The Orlando judge said Tuesday that he will sign the order when he gets the documents on 17-year-old Rifqa Bary‘s immigration status.
Bary has been in foster care in Orlando while her case was being reviewed. The judge says he will likely turn over the case to an Ohio court in the next few weeks.
Under Sharia, Islamic law, the punishment for apostasy is death — and throughout the world, many apostates from Islam are indeed murdered by Islamic extremists.
The application of Sharia leads to many human rights violations, and in our view Islamic law has no place in modern, civilized society.
Fathima Rifqa Bary is likely coming home to Ohio, the state she fled nearly three months ago, saying she feared death for her conversion to Christianity.
But she’ll be staying in a foster home, not her parents’ Northeast Side apartment.
Rifqa, a native of Sri Lanka, is not a U.S. citizen.
It isn’t yet clear exactly when Rifqa will return, or how she will be transported. She will receive a psychological evaluation when she gets here.
Dawson asked whether the Barys could simply dismiss the Ohio dependency case because they filed it themselves in an attempt to transfer jurisdiction.
Assistant Franklin County Prosecutor Chris Julian said they would not agree to dismiss the case.
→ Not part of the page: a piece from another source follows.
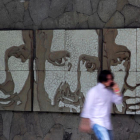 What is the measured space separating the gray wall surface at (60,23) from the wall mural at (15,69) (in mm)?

A Children Services official added that it would not be in Rifqa’s or her family’s best interest for her to live at home at this time.
Orlando Pastor Blake Lorenz tells FOX 35’s Tracy Jacim, “We expected Ohio would get jurisdiction, uh…that’s just the legal way it is. But we are excited there is still a possibility she could stay in Florida, if the legal documents are not presented with her immigration. So you never know…maybe they don’t have them!”
Pastor Lorenz claims he and his pastor wife have been operating based on that belief since they first helped Rifqa Bary runaway here to Florida.
Lorenz claims Rifqa told them her parents wouldn’t look for her because they would fear being found out. “She didn’t think she’d be reported, so we had time to get her the help she needed.”
The judge set a hearing for October 23 in case the two conditions he set are not met. The judge says Rifqa’s family must product legal documentation of their U.S. citizenship and proof she can continue her education in Ohio.
If those conditions are met sooner, it’s very possible Rifqa Bary will go back to Ohio sooner.